The purpose of the statute is to afford protection to attaching creditors and purchasers of the character described in the act, and to prevent them from being misled to their injury by a debtor or vendor who has no title to property of this description though in its possession, and which it apparently owns, but where the ownership at the time is actually in another.

Nor is this meaning changed, as claimed by the defendant, by the use of the word equipment ” in the title of the act. The title of itself cannot be held to control or enlarge the words of the statute unless they are doubtful or ambiguous. Charles River Bridge v. Warren Bridge, 7 Pick. 344, 454, 455. Proprietors of Mills v. Randolph, 157 Mass. 345, 350. United States v. Oregon & California Railroad, 164 U. S. 526, 541. Yazoo & Mississippi Valley Railroad v. Thomas, 132 U. S. 174, 188.

The words “ locomotive engine or car ” which are used only once in the act must be held to refer to the words “ railroad or street railway rolling stock,” also used in the same section ; and this construction appears in the last revision of the statutes.

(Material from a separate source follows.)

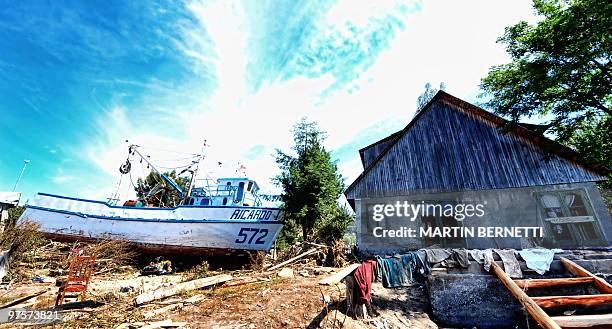 Picture taken in the tsunami-hit city of Constitucion, some 300 km south of Santiago, on March 4, 2010. The official death toll from Saturday's...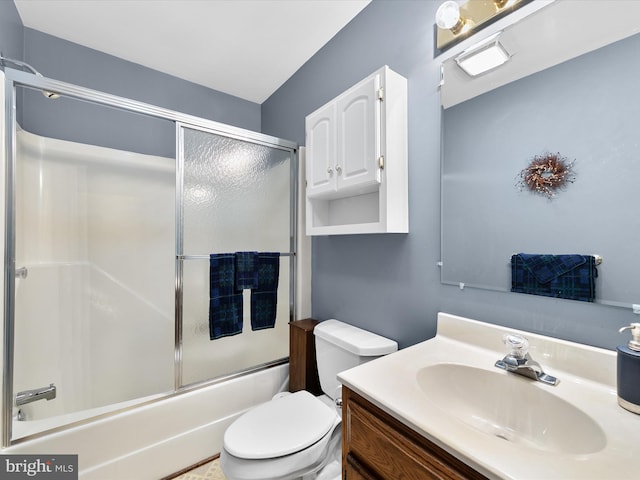 full bathroom featuring enclosed tub / shower combo, vanity, and toilet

R. L. c. 111, § 75. This defence cannot be sustained.

No claim is made by the defendant that there was a waiver of title under the contract in favor of the mortgagee, for if the vendee was permitted by its provisions to mortgage the property to the Beacon Trust Company, this did not authorize a mortgage to the American Loan and Trust Company, to which the plaintiff never consented, and of which it had no notice until after the mortgage had been delivered and the bonds which it was given to secure had been issued.

*506Having proved its title and right to possession, the plaintiff must also show a conversion of the property by the defendant.

Putting to one side the finding of the auditor that at the date of the defendant’s purchase it knew, or was bound to know, the provisions of the conditional contract, his report shows that before the action was brought a demand was made on the defendant for the property as described in the declaration. The written reply by the defendant’s president denied possession of any property belonging to the plaintiff, coupled with the statement that if it had “ any of the articles ... we should refuse to deliver them.” This was evidence showing the exercise of dominion over the chattels, a denial of the plaintiff’s title, and its exclusion from possession, and supports the finding of conversion. Scollard v. Brooks, 170 Mass. 445, 448. See also Gilmore v. Newton, 9 Allen, 171.

Even if the amount originally due has been reduced by payments so that the remainder of the unpaid purchase price is less than the market value of the property converted, yet the plaintiff has the general title, with the right to immediate possession by reason of the failure of the defendant to comply with the conditions of the contract.

If such right of possession had been asserted and the property retaken without suit, the vendee under a contract like this would have no cause of action to recover back money already paid, and where such a claim cannot be directly asserted, and is not actionable, it is not admissible in evidence either by way of mitigation of damages or to avoid circuity of action. Angier v. Taunton Paper Manuf. Co. 1 Gray, 621. Buckmaster v. Smith, 22 Vt. 208. Brown v. Haynes, 52 Maine, 578.

No sufficient reason appears why the usual rule as to damages recoverable in trover should not be followed, which allows to the plaintiff the market value of the property converted, with interest from the time of conversion to the date of the verdict, or of the finding by the court. Greenfield Bank v. Leavitt, 17 Pick. 1, 3. Forbes v. Boston & Lowell Railroad, 133 Mass. 154, 158. Fast Tennessee Land Co. v. Leeson, 183 Mass. 37, 41.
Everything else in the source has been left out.